Colliers: February Investment Sales Volume Jumps
Commercial real estate investment sales volume totaled $25.1 billion in February, up significantly from January, reported Colliers, Toronto.
But overall investment sales volume is down 53% compared to a year ago and lending standards are tightening, Colliers Research Director Aaron Jodka said in a Quick Hit report.
Jodka said transactional data now reflect price adjustments, with month-over-month declines implying a 23.6% drop, per MSCI, New York. “The recent volatility in the banking industry will have knock-on effects on commercial real estate,” he said.
The Colliers report noted office volume continues to struggle. Central business district activity remained below the $1 billion mark for the second month in a row for the first time since 2010. MSCI said pricing is down 2.2% over the past year, though recent cap rate movement would suggest a far more rapid price adjustment–CBD cap rates are up 70 basis points over the past year, Jodka said. “In addition, some recent high-profile loan defaults suggest future recapitalizations will follow in the months ahead,” he said.
Multifamily sales volume is slowing quickly, Jodka said. Less than $5 billion traded in February, the lowest monthly total since February 2012. “Multifamily fell to the third most heavily traded asset class in the month for the first time since January 2015,” he said. “It is uncommon for multifamily to rank outside of the top two in any given month.”
With more than $9 billion of activity in February, the retail sector was the most heavily traded asset class, Jodka said.

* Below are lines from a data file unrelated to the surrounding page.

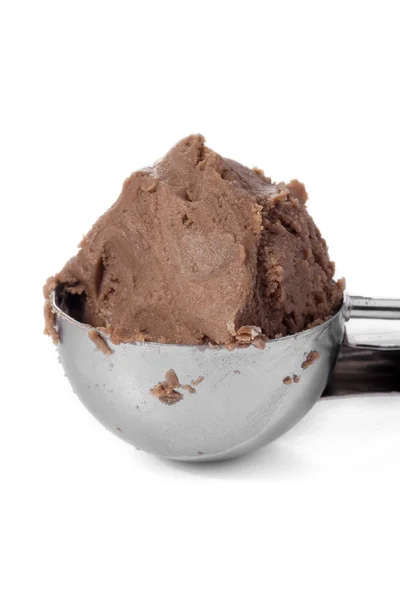 A scooper with chocolate ice cream — Stock Photo, Image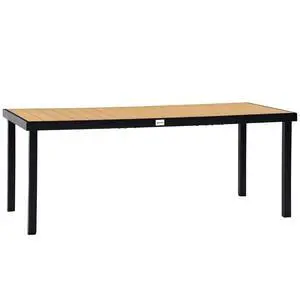 75" x 35" Outdoor Dining Table for 8 People Rectangular Natural | Aluminum Frame Garden Table, All-Weather Faux Wood Top, Lawn, Patio 75" x 35" Outdoor Dining Table for 8 People Rectangular Natural | Aluminum Frame Garden Table, All-Weather Faux Wood Top, Lawn, Patio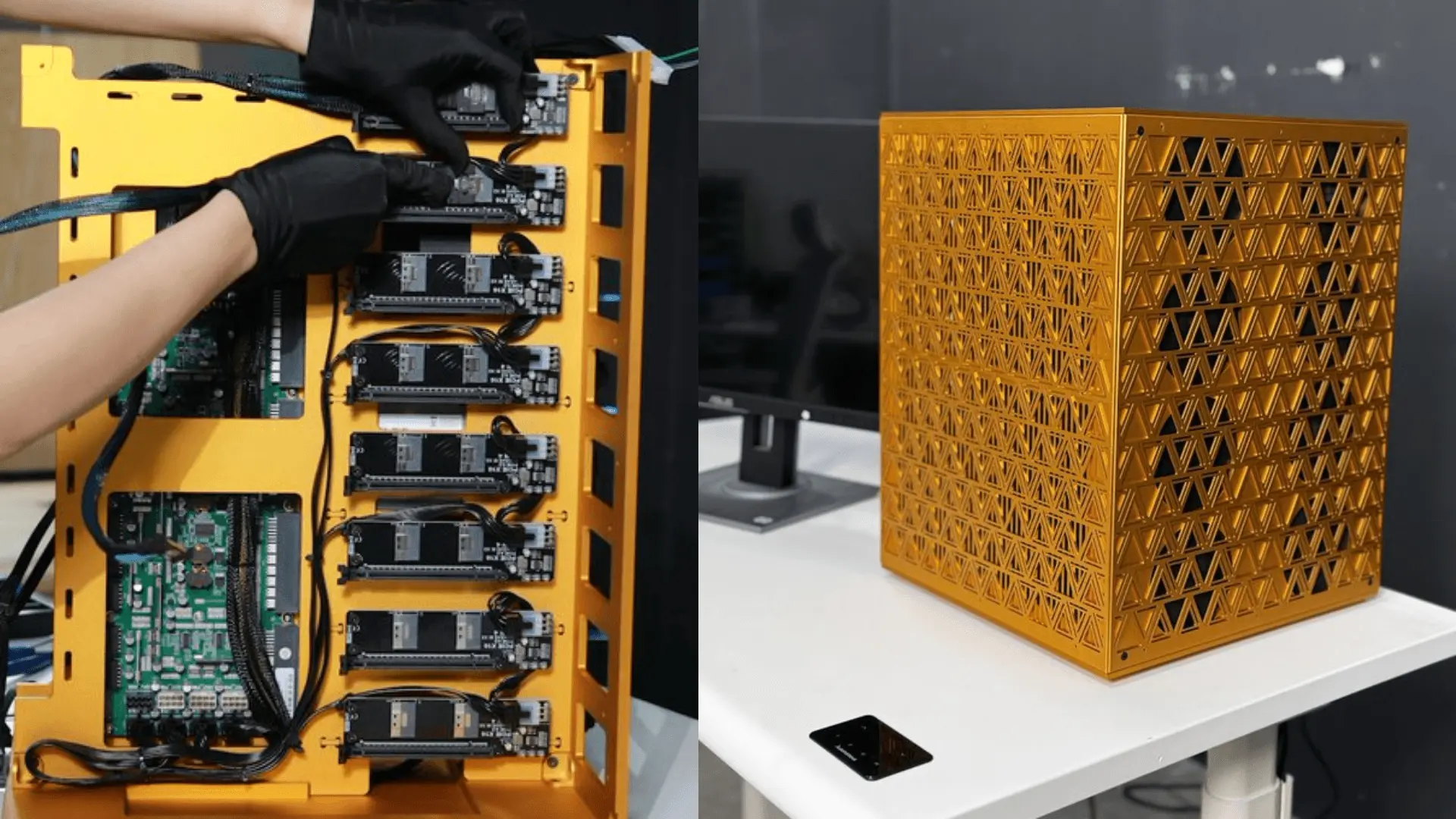 Custom 8-GPU chassis built in Autonomous workshop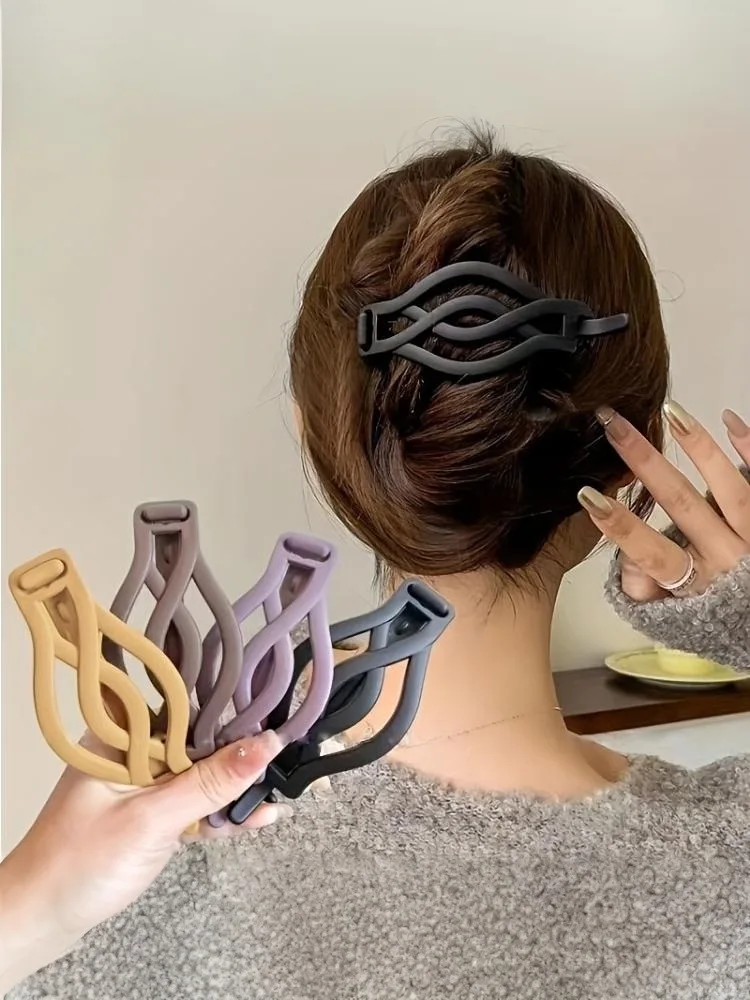 4-teiliges Set Große Kunststoff-Haarspangen - Elegante Matte Gedrehte Haarklammern für Damen - Langlebige Einfarbige Haarspangen zum Valentinstag – Detail 10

But a large part of this figure came from the take-private deal of STORES Capital REIT. “Without it, [retail sector] volume would have come in at $2.0 billion and fallen to a similar extent as other asset classes,” he said.
Jodka called the hotel sector “a mixed bag.” Sales volume fell 53% compared to a year ago, but rose month-over-month. MSCI said hotels saw the strongest price appreciation of any asset class over the past year at 5.4%. In addition, the hotel sector showed a 2.1% price gain, unlike other asset classes, which showed price declines when annualizing monthly statistics.